Your peripatetic critic, having heard Chatham Baroque at The Music House last year, ventured once more to Greenville for a charming and unusual program presented by mezzo Jessie Wright Martin, violinist Selim Giray, and pianist John O’Brien (the latter being the proprietor of the Music House). It is safe to say that I (and most likely, you, Reader) have never had the pleasure of hearing a single work by Australian composer Margaret Sutherland (1897-1984) in concert, let alone a string of five, but Greenville can boast concerts of an erudition rarely found in much larger cultural centers. Unfortunately, neither program nor performers offered information about Sutherland. She was born in Adelaide, and moved with her family to Melbourne at age 4, where she lived for the rest of her long life. She studied piano and composition in her native Australia, and spent two years in Europe in 1923-1925. O’Brien and ensemble offered a set of Six Australian Songs (1963), the Sonatina for Violin and Piano (1957), a Nocturne for violin and piano (1944), Three Songs for Voice and Violin (1926), and “The Gentle Water Bird” (1954), for voice, violin and piano.

Six Australian Songs sets poems by Australian poet Judith Wright (1915-2000). Jessie Wright Martin is Professor of Voice and Director of Opera at Wingate University (located in Wingate, North Carolina, southeast of Charlotte). A mezzo, she has a fairly bright sound, but with a strong vibrato, so that even with clear diction it was not always easy, without the printed text, to follow the argument of the poetry. Musically, she was expressive, and her presentation dramatic. Here, and throughout the program, I was struck by the skill of John O’Brien as a supremely responsive accompanist, with an impressive mastery of the dynamics of his instrument, an amazing Steinway grand from the late 19th century, with a beauty of tone and purity of tuning that was nonpareil – it sounded as if it had just been tuned, and by someone with unmatched skill. Violinist Selim Giray, Professor of Violin at the Wichita State University School of Music (and once a student in the graduate program at ECU) was featured in the next two works – a relatively brief but challenging sonatina, and a berceuse-like nocturne – and proved to have a communicative presence, but with a technique that occasionally seemed a bit off the mark in terms of intonation. This characteristic, added to Martin’s vibrato, meant that the set of songs for voice and violin (sans piano) were not always easy to follow tonally. The first half concluded with a work for all three, with a striking metaphysical text by John Shaw Neilson, about learning of the nature of God and grace from a crane. Sutherland’s musical language is masterful, striking, original, tonal, but not a bit old-fashioned, occasionally a hint of French style, but basically all her own.

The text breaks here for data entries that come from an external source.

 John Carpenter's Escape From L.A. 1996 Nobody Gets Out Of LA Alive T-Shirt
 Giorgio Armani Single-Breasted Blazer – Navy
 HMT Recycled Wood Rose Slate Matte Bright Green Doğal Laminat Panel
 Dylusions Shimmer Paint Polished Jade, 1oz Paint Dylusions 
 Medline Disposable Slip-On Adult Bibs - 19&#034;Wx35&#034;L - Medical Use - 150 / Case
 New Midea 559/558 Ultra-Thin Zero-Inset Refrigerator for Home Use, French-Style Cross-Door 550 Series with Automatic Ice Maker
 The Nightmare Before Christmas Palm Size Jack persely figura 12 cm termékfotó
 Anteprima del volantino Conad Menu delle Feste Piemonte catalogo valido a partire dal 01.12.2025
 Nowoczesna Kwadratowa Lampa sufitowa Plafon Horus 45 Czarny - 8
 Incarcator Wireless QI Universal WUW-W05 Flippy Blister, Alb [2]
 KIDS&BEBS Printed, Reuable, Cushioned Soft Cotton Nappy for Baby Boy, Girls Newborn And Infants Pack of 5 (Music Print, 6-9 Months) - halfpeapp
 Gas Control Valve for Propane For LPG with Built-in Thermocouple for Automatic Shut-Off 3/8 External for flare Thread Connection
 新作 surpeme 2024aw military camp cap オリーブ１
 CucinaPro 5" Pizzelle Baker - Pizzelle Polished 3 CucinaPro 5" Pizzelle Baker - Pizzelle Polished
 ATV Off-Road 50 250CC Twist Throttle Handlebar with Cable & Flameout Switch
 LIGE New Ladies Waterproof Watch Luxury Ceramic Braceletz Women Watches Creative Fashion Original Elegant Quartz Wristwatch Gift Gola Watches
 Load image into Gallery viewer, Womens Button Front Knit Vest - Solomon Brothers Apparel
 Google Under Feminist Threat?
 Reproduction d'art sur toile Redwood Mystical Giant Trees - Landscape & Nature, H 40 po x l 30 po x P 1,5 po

The second half began with a very interesting and equally rare work, a very late set of songs (Op. 154, from 1856) by the virtuoso violinist and composer Louis Spohr (1784-1859), Romantic in style, but with an unusual violin obligato in tandem with the voice. The vocal part is basically unadorned, and straightforward, but the violin, which must have been written with Spohr’s own abilities in mind, is excruciatingly difficult and florid, particularly if one considers that it must be subordinated to the vocal part. Martin seemed entirely at home in this literature, with warmth of tone and expression, and a simply lovely ppp in the closing “Abendstille.”

After a fascinating period arrangement of Debussy for violin and piano (the “Printemps Paraphrase,” arranged from a choral original by Jacques Durand), the evening concluded with three highly emotional late Romantic works, the “Song of the Watchman” by Joaquin Nin, “Violins in the Night” by Saint-Saëns (with an overheated poem by Madame La Comtesse de Noailles), and an opera excerpt from Offenbach’s Tales of Hoffmann, in which Martin unleashed her operatic-size voice for the first time. All in all, a scintillating and stimulating musical performance.

I cannot conclude without mentioning that the evening included cool drinks on the porch, pre-concert, a wine-tasting at the interval, and coffee and sweets afterwards, all in the ambience of a beautifully-restored Victorian residence. If you live in Greenville, I hope you are a regular at these events; if you live elsewhere in the eastern part of our state, you owe it to yourself to make the trip down (or up) highway 264 to the Music House.